Pictures with short captions:
*** Begin section ***

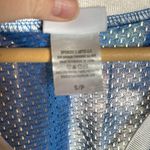 Spencer’s USA Drinking Team Red White Blue Jersey Top Size Small Photo 3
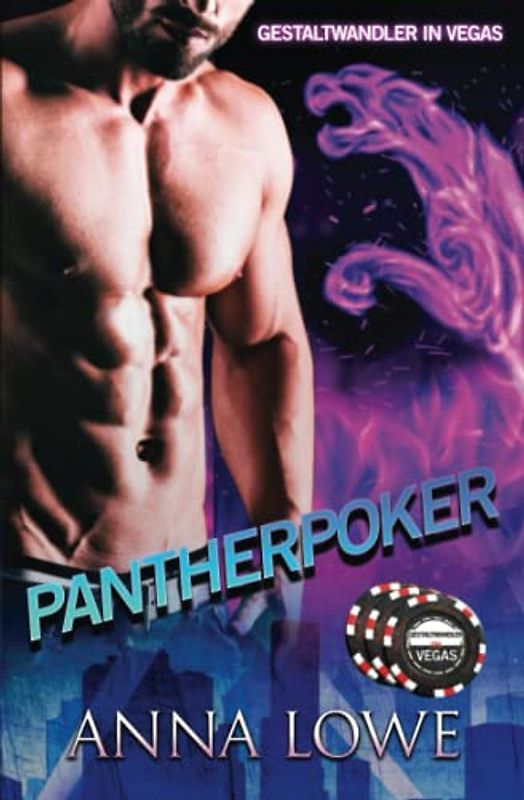 Pantherpoker (Gestaltwandler in Vegas, Band 3)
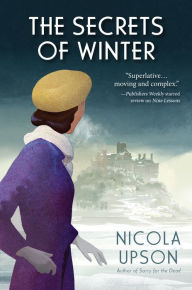 Amazon download books online The Secrets of Winter: A Josephine Tey Mystery ePub English version 9781643856353 by Nicola Upson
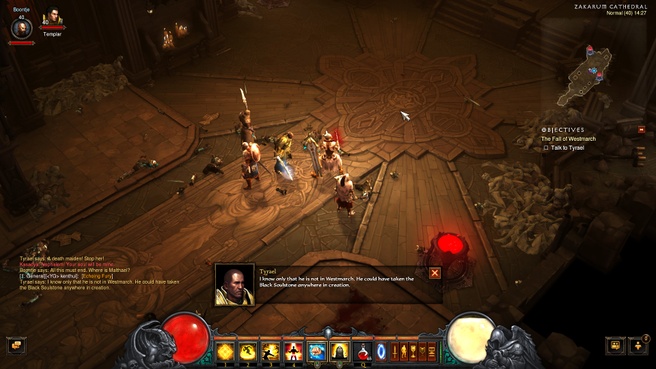 Diablo III: Reaper of Souls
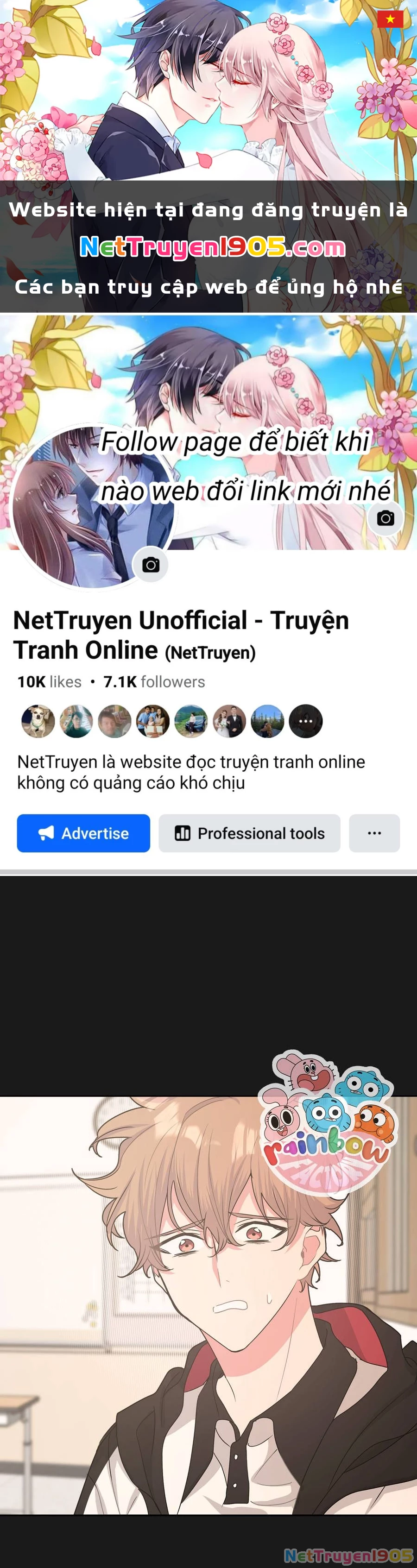 Đừng Nói Yêu Tôi Chapter 7 - 1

*** End section ***

* [Your instructions]: Begin with the line containing "Amazon download books", stop at the last line of the records above, and copy every line in between exactly, both ends included, with no pictures.

* [Your solution]:
 Amazon download books online The Secrets of Winter: A Josephine Tey Mystery ePub English version 9781643856353 by Nicola Upson
 Diablo III: Reaper of Souls
 Đừng Nói Yêu Tôi Chapter 7 - 1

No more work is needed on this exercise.